Captioned web image data
------------------------------------------------------------
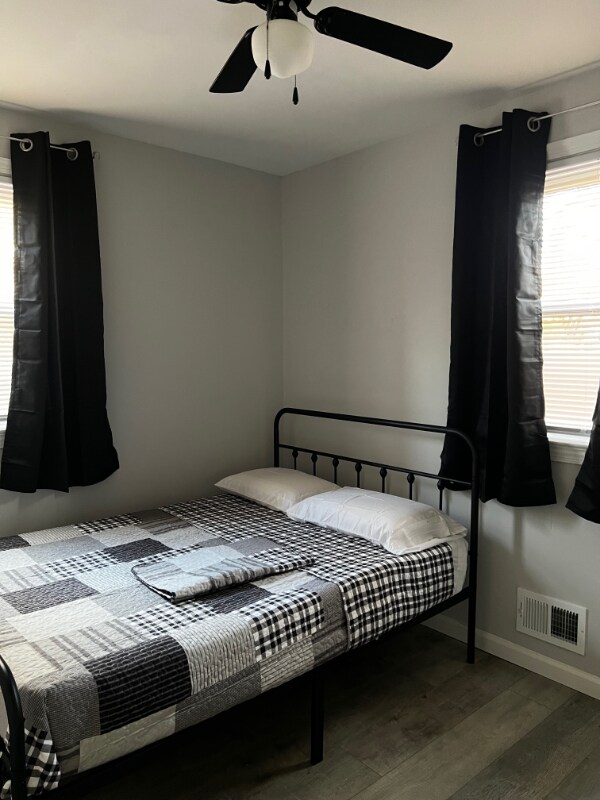 Foto del edificio - 5402 St Barnabas Rd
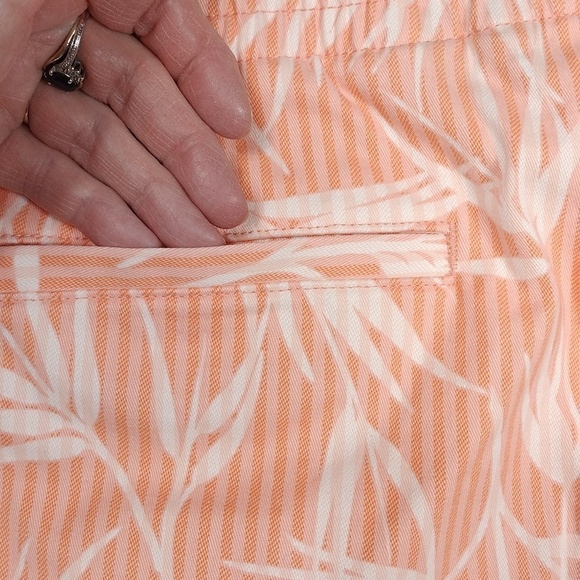 Lands End women's mid rise shorts size 12 - Picture 10 of 14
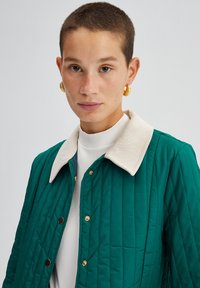 Touché Privé QUILTED - Puspaltis - green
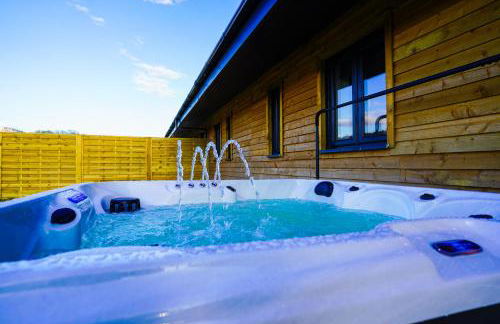 Starlight Lodge - 4 bedroom Barn with Hot Tub! - Foto 46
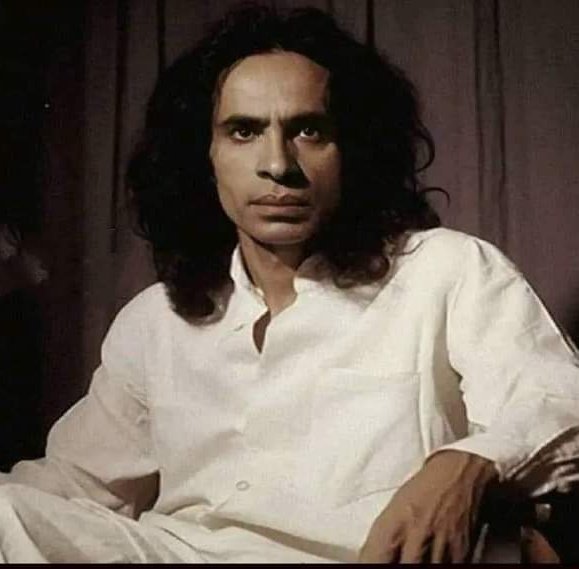 UrduVirsa's tweet photo. اور  کیا  چاہتی  ہے  گردش ایام  کہ  ہم
اپنا گھر بھول گئے ان کی گلی بھول گئے

جون ایلیاء https://t.co/cg1dCcoPUu
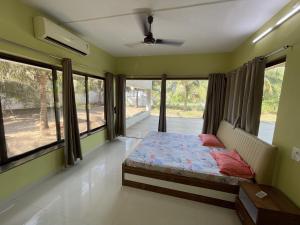 Disha Villa-Casa Oceano, sea facing villa with a pool, at Palghar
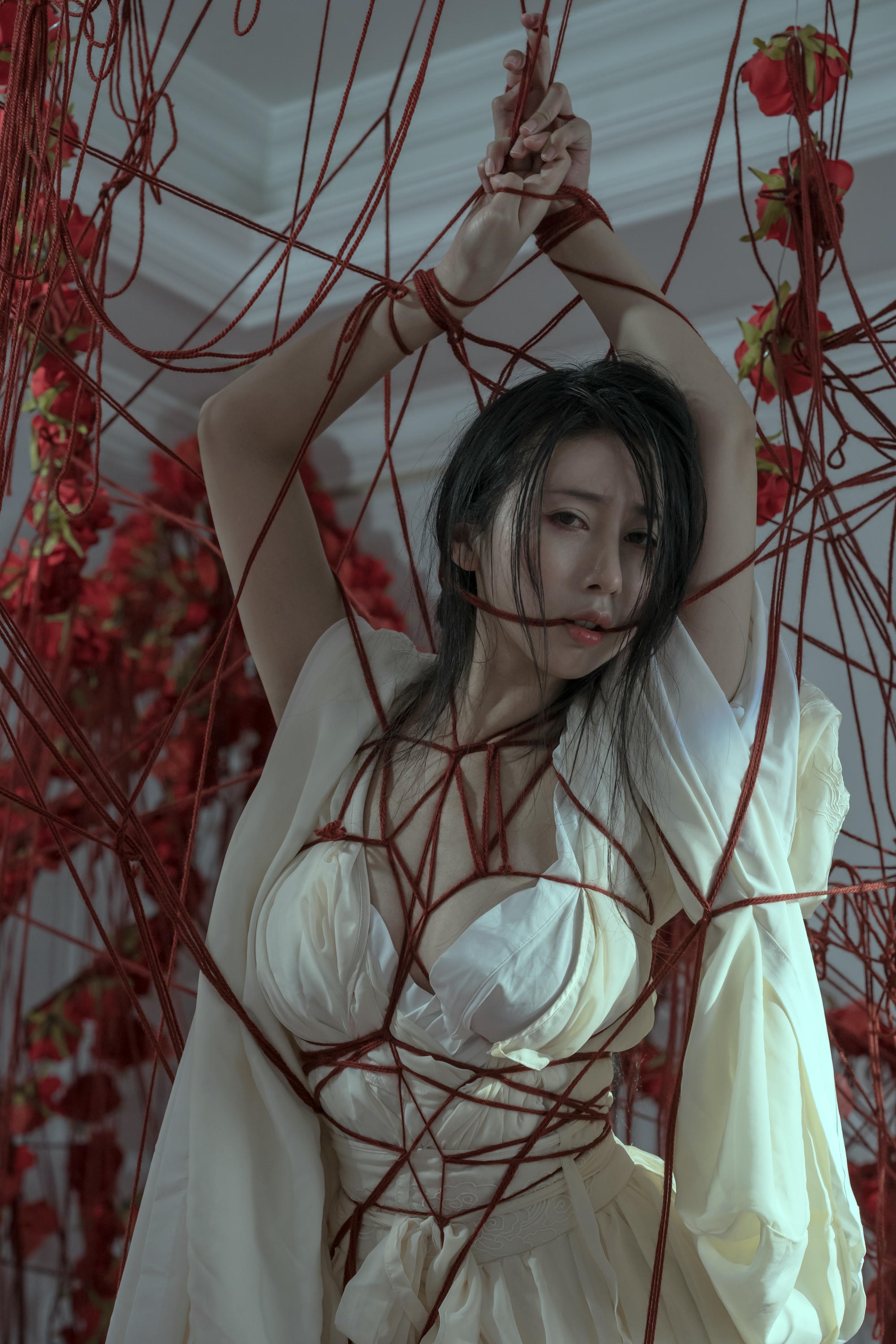 云溪溪 NO.022 奶桃 囚鸟 [64P 768MB]_第1集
------------------------------------------------------------
Task objective:
The line that contains "جون ایلیاء https://t.co/cg1dCcoPUu" begins the range and the last line of the entries ends it; print that range exactly, without pictures.

Answer to this task:
جون ایلیاء https://t.co/cg1dCcoPUu
 Disha Villa-Casa Oceano, sea facing villa with a pool, at Palghar
 云溪溪 NO.022 奶桃 囚鸟 [64P 768MB]_第1集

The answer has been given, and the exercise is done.